My goal isn't to bash the would-be celebrities of the Twin Cities, but I'm not going to kiss their ass, either.

If I think somebody is deserving of praise, I'll give it to him or her. If I can't stand somebody who is trying to be a celebrity, and causes me nausea in the process, I'm less apt to spend time writing about how horrible of a human being he or she must be. (I know, I know. I couldn't resist ripping on the Pohlad geniuses for their painful attempt to run a radio station.)

Just because I don't worship the ground Alix Kendall or Paul Lambert walk on doesn't mean I find them loathsome.

I wrote about prissy little Carla Beaurline not so long ago.
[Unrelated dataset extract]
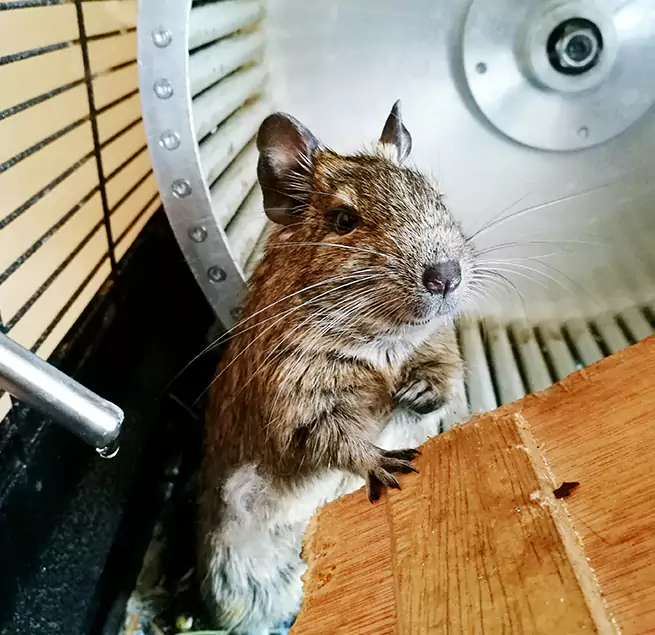 Why Homeowners & Businesses Trust Us Pooler, GA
I wrote about her because I'm amazed, simply amazed, that Beaurline and her band of misfits are running commercials month after month on a glorified cable access channel. (I haven't stumbled across Mike Woodley lately. Should I be searching for an obit?)

I didn't kiss Beaurline's skinny little ass, but I called it like I see it. I'm not impressed by her broadcasting skills. From her crappy banter with the late Mark DeJoy to her school girl voice, I find her to be somewhere outside my list of favorite broadcasters, local or otherwise. I don't hate her, I don't find her painful to listen to, and I don't have perverted thoughts when I see her on the TV screen. (As one of my readers noted in his comment, he gets tingly in the pants when viewing her picture. More power to ya, buddy.)

I noted in a follow up that there was a funny item in the local gossip maven's article about some sort of pettiness between Beaurline and one of her former cohorts at the local shopping channel. You'd think you had been reading a storyline out of "Beverly Hills 90210."

So I posted two columns mentioning the seemingly hard working Beaurline, who loves to glorify vacuum salesmen, and decided to follow her Twitter feed, just to see what kinds of things she writes about now and again. (I use Twitter primarily for access to the brilliance of the local scene, not because I expect to build up a huge Twitter following. But I do tweet links to my blog when I pen something new via @jeffdubayhatesu.)

Beaurline's Twitter feed is so precious that she has it protected. She has to bless you with access to her brilliance. And she did just that for me, for a short time. But she must have read this blog, decided that if somebody isn't going to kiss her ass, she's going to block that person from following her. Yep, she's that vapid.

Not a big deal. Access to her mindless promotion of the suckers who line up to be profiled on her crappy 30-minute commercial isn't high on my wish list. It's kind of funny, really. She wants so desperately to be treated like she's something special, but the suggestion that she's not God's gift to broadcasting is all it takes to set her pouty ass off.

This woman is a joke. Google her for five minutes.

I'm not going to suggest that anyone who competes in any sort of "beauty pageant" is worthless, but Beaurline's early claims to fame include an effort to be pedestalized as some sort of sacred bimbo. She was a north metro beauty queen about 100 years ago. And clearly she'd rather play Barbie Doll and smile for the camera, telling you how wonderful a car dealership is, than do something that has any real value in this world. She flamed out as a celebrity huckster on the local shopping channel and now she's trying to pretend she's still important to the world by boring us to tears with 30-minute commercials for local businesses.

You gotta have thicker skin if you want to make it in this world, honey.

There's a reason your career has been relegated to Ch. 6 for the past 13-14 years.